作者投稿和查稿 主编审稿 专家审稿 编委审稿 远程编辑

计算机工程 ›› 2025, Vol. 51 ›› Issue (7): 161-170. doi: 10.19678/j.issn.1000-3428.0069290

• 先进计算与数据处理 • 上一篇    下一篇

不确定时间序列Top-k窗口聚合查询方法

张航, 熊浩然, 何震瀛*()   

  1. 复旦大学计算机科学技术学院, 上海 200433
  • 收稿日期:2024-01-23 出版日期:2025-07-15 发布日期:2024-06-14
  • 通讯作者: 何震瀛
  • 基金资助:
    国家重点研发计划(2021YFB3300502)

Top-k Window Aggregation Query Method for Uncertain Time Series

ZHANG Hang, XIONG Haoran, HE Zhenying*()   

  1. School of Computer Science, Fudan University, Shanghai 200433, China
  • Received:2024-01-23 Online:2025-07-15 Published:2024-06-14
  • Contact: HE Zhenying

摘要:

近年来, 如何分析挖掘不确定时间序列数据逐渐受到业界关注。

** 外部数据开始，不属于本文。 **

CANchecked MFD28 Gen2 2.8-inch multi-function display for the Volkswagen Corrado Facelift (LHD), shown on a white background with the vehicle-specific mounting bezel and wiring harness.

Top-k查询作为数据库领域研究的热点问题, 旨在从大规模数据中检索出最符合用户查询条件的前k项结果。然而, 尽管Top-k查询在其他领域已被广泛应用, 针对不确定时间序列的Top-k查询研究仍然较少。这种查询可以有效帮助用户从不确定时间序列提取重要信息。提出一种新的Top-k查询问题——不确定时间序列Top-k窗口聚合查询, 并针对该问题给出高效的查询方法。这个查询可以作为一个基础工具, 辅助用户探索和分析不确定时间序列数据。现有能够支持这个查询的方法均存在查询效率较低或所需存储空间过高的问题。针对该问题, 提出一种基于子窗口拼接策略的两级Top-k查询方法, 并提出高效计算阈值上界方法解决基于子窗口拼接策略引入的阈值计算复杂难题。该方法能够以较少的预计算存储空间, 高效支持不确定时间序列Top-k窗口聚合查询。为了验证所提方法的有效性, 在真实和人造数据集上进行实验。实验结果表明, 所提方法与基于TA的Top-k查询方法相比, 明显降低了预计算列表的存储空间; 与基于遍历的FSEC-S方法相比, 所提方法以及使用计算阈值上界优化方法的平均查询效率分别提升了7.27倍和20.04倍。

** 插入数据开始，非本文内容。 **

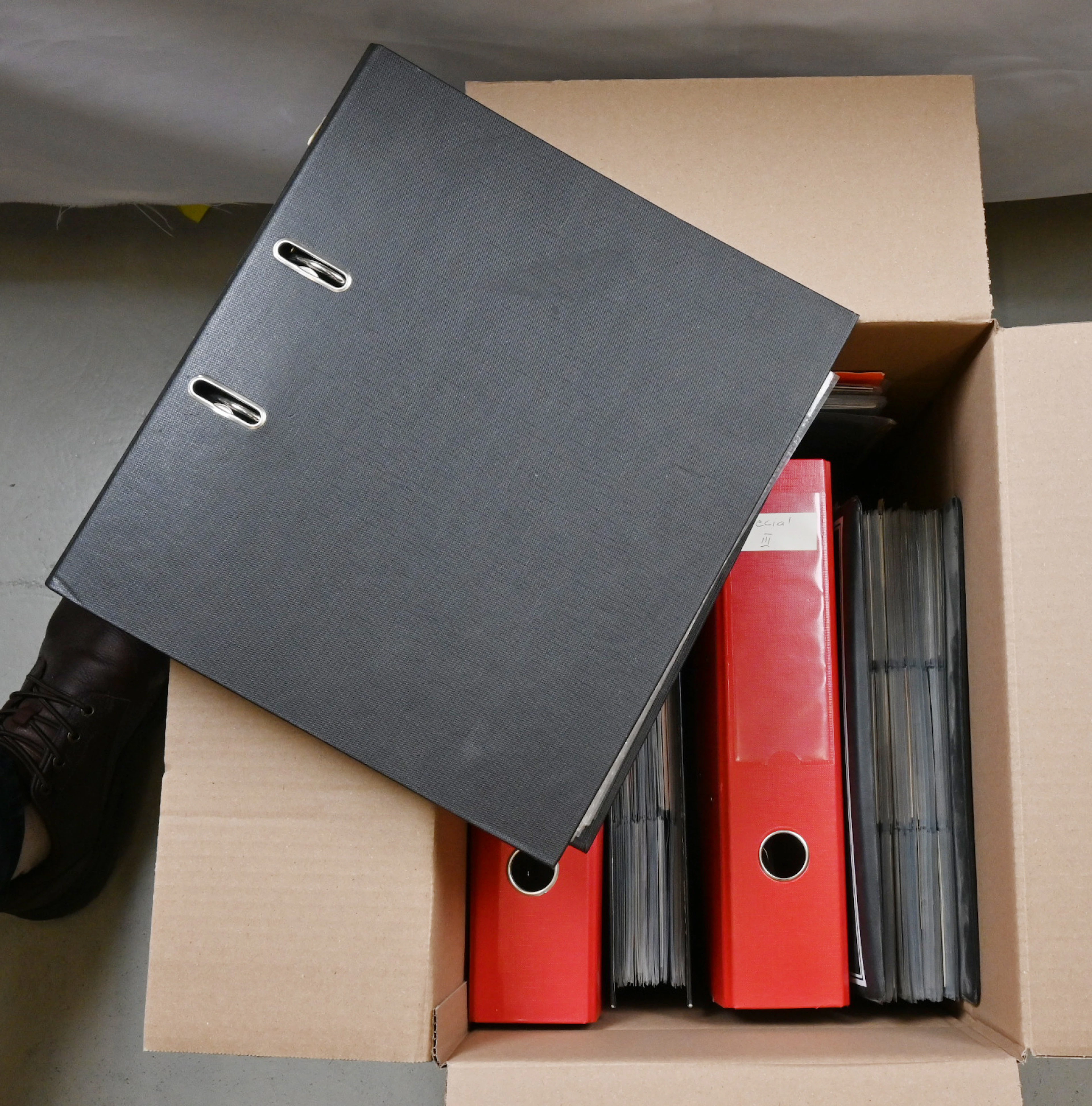 Hockey cards in five albums and one small binder. Some albums contain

关键词: 不确定时间序列, Top-k查询, 窗口, 聚合查询, 有序列表, 阈值

Abstract:

The analysis and mining of uncertain time series data has attracted attention in various industries. Top-k queries, a popular research Topic in the database field, aim to retrieve the Top-k results that best match a user's query conditions from large-scale data. Although Top-k queries have been extensively explored and applied in various fields, research on Top-k queries specifically for uncertain time series is limited. Such queries can effectively help users extract important information from uncertain time series. This study proposes a new Top-k query problem, i.e., Top-k window aggregate queries over uncertain time series, and provides an efficient algorithm to address this problem. This query can serve as a fundamental tool to assist users in exploring and analyzing uncertain time series. Existing methods supporting this query suffer from low efficiency or require high storage space. To address these issues, this study proposes a novel two-level Top-k query method based on the sub-window stitching strategy and a method for efficiently computing the upper bound of thresholds to solve the complexity issues introduced by the sub-window stitching strategy. This method efficiently supports Top-k window aggregate queries over uncertain time series with less pre-computed storage space. The effectiveness and efficiency of the proposed method are evaluated on both real and synthetic datasets. The results demonstrate that the proposed method significantly reduces the storage space for pre-computed lists compared with Top-k query methods based on TA, overcoming challenges that hinder practical application. The average query efficiency of the proposed method and its further optimization using the upper bound of the thresholds are 7.27 times and 20.04 times better than those of the traversal method FSEC-S, respectively.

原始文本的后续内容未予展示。